Qualche giorno dopo a rincarare la dose era un altro simbolo della comunicazione mondiale, l’inglese “Times” che – all’indomani dell’ufficializzazione del sorpasso della Spagna sull’Italia in materia di PIL pro-capite – sottolineava i fattori di questa sorta di decadenza, dando enfasi alla crisi del sistema politico italiano, troppo ingessato ed incapace di determinare con decisione l’orientamento delle scelte dell’esecutivo, spesso preda dei ricatti incrociati di piccoli partiti quando non di pochi parlamentari…
Sarebbe facile rispondere a queste accuse, com’è stato fatto ampiamente in Italia, con una punta di sacro orgoglio nazionale rivendicando i successi del nostro Paese in questi anni, o le nostre incomparabili ricchezze artistico-culturali, magari indicando altrettanti fattori di crisi in altri importanti Paesi, a partire dalla stessa Inghilterra o dagli Stati Uniti.
Sarebbe facile ma semplicistico, anche perché la visione che si ha dall’esterno di una realtà, che a volte può apparire riduttiva e superficiale, è spesso – al contrario – molto più oggettiva e sincera di tante letture di chi vede le cose dall’interno.
Lo sappiamo bene noi, italiani che vivono all’estero, innamorati eternamente del nostro Paese ma anche giudici severi di contraddizioni e ambiguità che probabilmente individuiamo in maniera più disincantata e lucida di tanti nostri connazionali che vivono nella penisola.
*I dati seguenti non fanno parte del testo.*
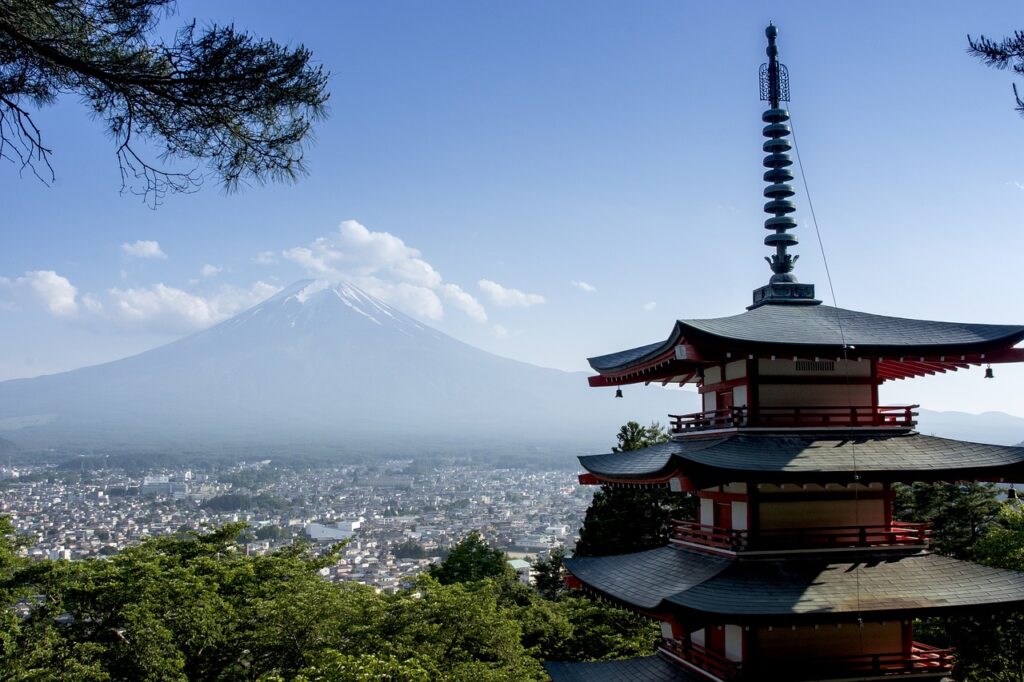japan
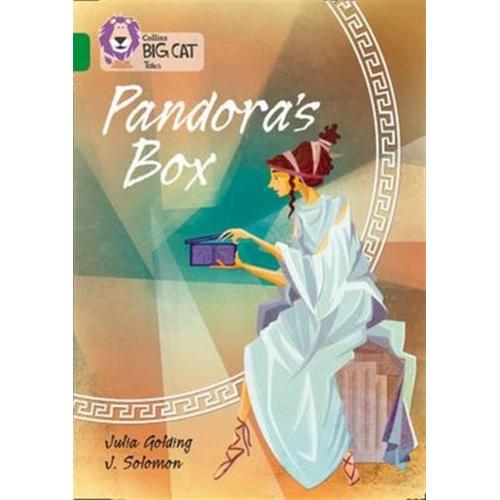 Pandoras Box Band 15emerald   de Unknown  Format Livre objet 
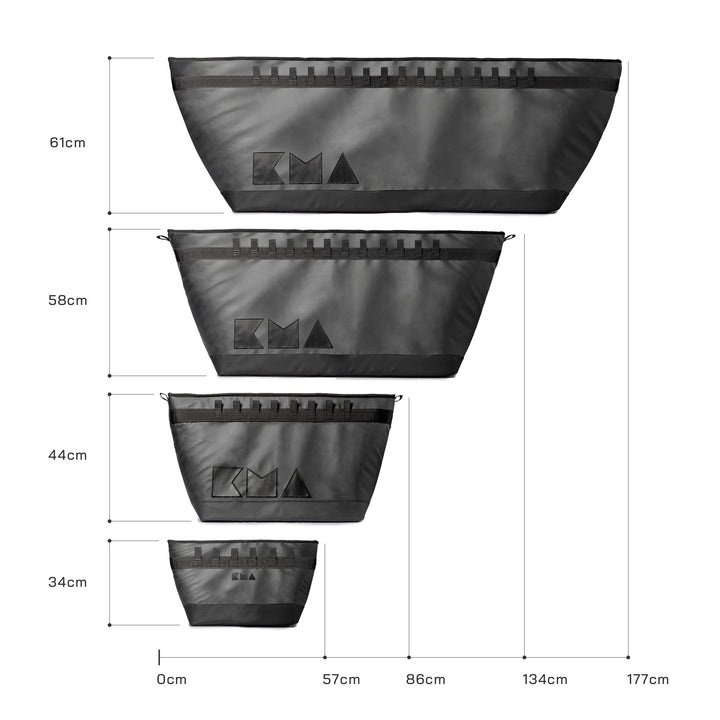 FLEXIBLE FISH COOLER BAG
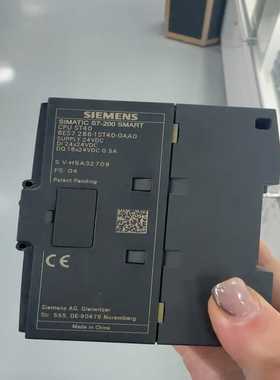 西门子SIMATICS7-200SMARTPLC，型号--议价商品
Mesi fa un amico italiano, anch’egli residente in Brasile, mi fece leggere un altro articolo, pubblicato sul quotidiano spagnolo “El País”: descriveva l’Italia come il Paese più gerontocratico d’Europa, e non si riferiva solo alla nostra classe dirigente (la più vecchia del continente) ma anche al mondo dell’imprenditoria, alla cultura, alla televisione (quando manderemo in pensione i vari Pippo Baudo e Mike Buongiorno? ).
La vecchiaia è un valore e gli anziani sono una grande risorsa per l’Italia e per il mondo; il problema nasce però quando un Paese non riesce a rinnovarsi, a creare le condizioni perché si compia naturalmente e con la giusta frequenza il passaggio tra le generazioni.
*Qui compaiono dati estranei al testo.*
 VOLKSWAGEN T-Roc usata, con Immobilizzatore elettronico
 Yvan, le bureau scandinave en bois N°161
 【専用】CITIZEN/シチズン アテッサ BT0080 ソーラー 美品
Tutta questa discussione, questo dibattito sul futuro dell’Italia, ha rafforzato dentro di me una solida convinzione: siamo noi il futuro del nostro Paese! Mi riferisco ai milioni di italiani che vivono fuori dall’Italia, ma anche ai loro discendenti, vera linfa vitale di una nazione che non può contare su grandi materie prime o fonti di energia ma che ha un “petrolio” che nessuno ha, la grande comunità degli italiani all’estero, appunto.
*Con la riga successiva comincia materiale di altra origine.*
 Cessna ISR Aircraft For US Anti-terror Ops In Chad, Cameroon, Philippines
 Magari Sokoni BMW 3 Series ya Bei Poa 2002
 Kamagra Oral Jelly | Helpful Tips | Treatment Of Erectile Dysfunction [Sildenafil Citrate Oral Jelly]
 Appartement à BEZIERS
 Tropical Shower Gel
E il Sudamerica è senza dubbio il maggiore giacimento a cielo aperto di tale risorsa, perché è qui che vivono i due terzi dell’Altra Italia, quella sulla quale un sistema politico ed economico intelligente e lungimirante dovrebbero scommettere, con scelte coraggiose di apertura e di integrazione, con investimenti mirati e ad ampio raggio, capaci di contrastare la stupida e masochista mania di chiusura dettata dal pregiudizio e dall’ignoranza.
Il giorno in cui il capitolo “Italiani all’estero” sarà trasferito dalla voce “spese” a quella “investimenti” assisteremo forse ad un’inversione di tendenza ed al recupero di quel primato italiano nel mondo del quale per anni abbiamo goduto, e non in ragione del linguaggio della forza e dell’arroganza, ma della nostra capacità unica di saperci integrare in Paesi lontani e diversi dal nostro, facendoci amare proprio per il nostro “essere italiani”, per la musica, la cultura, la gastronomia… I 50 milioni di ‘oriundi’ che vivono in Sudamerica rappresentano tutto ciò: sarebbe uno stupido peccato di miopia non rendersene conto; accorgersene domani, forse, potrebbe essere troppo tardi.